We can estimate the covariance and correlation using the built in R functions cov and cor.

cov(sampled_data$X, sampled_data$Y)

## [1] -0.2143238

cor(sampled_data$X, sampled_data$Y)

## [1] -0.4437145

We should not be surprised to see a negative correlation here, because the more bags of Reeses that I get, the fewer bags of Skittles I would expect to see in my four bags of candy.

We finish by computing one of these by hand. The rest are similar.

\[ \begin{aligned} E[XY] &= \sum xy p(x, y) \\ &= \sum_{x, y \not= 0} xy p(x, y)\\ &= 1 p(1,1) + 2 p(2,1) + 3 p(3,1) + 2p(1,2) + 4 p(2, 2) + 6 p(3, 2)\\ &= 18/70 + 2 * 18/30 + 3 * 2/70 + 2 * 9/70 + 4 * 3/70 + 6 * 0\\ &= 90/70 \end{aligned} \]

13.2 Joint probability density functions

Let \(f(x,y)\) be a function of two variables. We say that \(f\) is a joint probability density function if \(\int \int f(x,y)\, dxdy = 1\) and \(f(x, y) \ge 0\) for all \(x,y\). Given a region in the plane \(R\), the probability that \((x,y)\) is in \(R\) is given by \[ \int_R f(x, y)\, dxdy. \]

Let’s consider an example. Let \[ f(x, y) = \begin{cases} x + y& 0\le x \le 1, 0 \le y \le 1 \\ 0& \mathrm{otherwise} \end{cases} \] We verify that this is a joint pdf by integrating \(f\) over the region \([0, 1] \times [0, 1]\) as follows:

\[ \begin{aligned} \int_0^1 \int_0^1 (x + y)\, dxdy &= \int_0^1 1/2 + y \, dy\\ &= 1/2 + 1/2 y^2|_{y = 0}^{y = 1} \\ &= 1 \end{aligned} \]

and by noting that \(f(x, y) \ge 0\) for all \(x, y\).

13.2.1 Sampling from random variables given (joint) pdf

In this section, we discuss how to sample from random variables given their pdf.

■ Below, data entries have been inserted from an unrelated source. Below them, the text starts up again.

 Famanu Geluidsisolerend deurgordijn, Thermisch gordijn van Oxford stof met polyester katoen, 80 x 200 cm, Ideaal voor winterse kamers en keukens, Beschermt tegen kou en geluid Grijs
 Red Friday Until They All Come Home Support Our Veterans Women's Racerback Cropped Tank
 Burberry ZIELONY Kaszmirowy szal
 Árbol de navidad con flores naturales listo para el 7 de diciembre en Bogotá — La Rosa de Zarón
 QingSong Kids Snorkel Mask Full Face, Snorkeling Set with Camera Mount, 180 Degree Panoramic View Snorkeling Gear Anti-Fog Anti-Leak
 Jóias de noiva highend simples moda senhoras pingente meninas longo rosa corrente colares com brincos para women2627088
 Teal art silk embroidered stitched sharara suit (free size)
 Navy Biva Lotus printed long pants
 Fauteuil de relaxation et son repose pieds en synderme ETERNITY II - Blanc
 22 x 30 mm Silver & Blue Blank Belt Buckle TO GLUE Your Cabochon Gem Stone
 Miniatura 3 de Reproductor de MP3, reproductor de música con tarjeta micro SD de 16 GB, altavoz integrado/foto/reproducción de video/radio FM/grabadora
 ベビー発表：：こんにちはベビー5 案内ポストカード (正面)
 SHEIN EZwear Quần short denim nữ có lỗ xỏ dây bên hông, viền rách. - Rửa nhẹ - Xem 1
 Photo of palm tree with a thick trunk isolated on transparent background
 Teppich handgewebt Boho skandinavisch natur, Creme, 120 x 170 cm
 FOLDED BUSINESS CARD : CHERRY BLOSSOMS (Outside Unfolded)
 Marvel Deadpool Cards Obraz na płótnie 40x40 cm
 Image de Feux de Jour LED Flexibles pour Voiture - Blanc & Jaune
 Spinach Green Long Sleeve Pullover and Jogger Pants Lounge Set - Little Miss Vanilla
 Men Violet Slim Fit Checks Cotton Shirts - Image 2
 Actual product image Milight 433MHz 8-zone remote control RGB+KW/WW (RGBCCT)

In the one-dimensional case, we only considered random variables that had pdf’s with built in R functions that would sample. Unlike the one-dimensional case, however, most two-dimensional distributions do not have built in R root functions. We will develop a technique that allows us to sample from random variables defined by their (joint) pdfs.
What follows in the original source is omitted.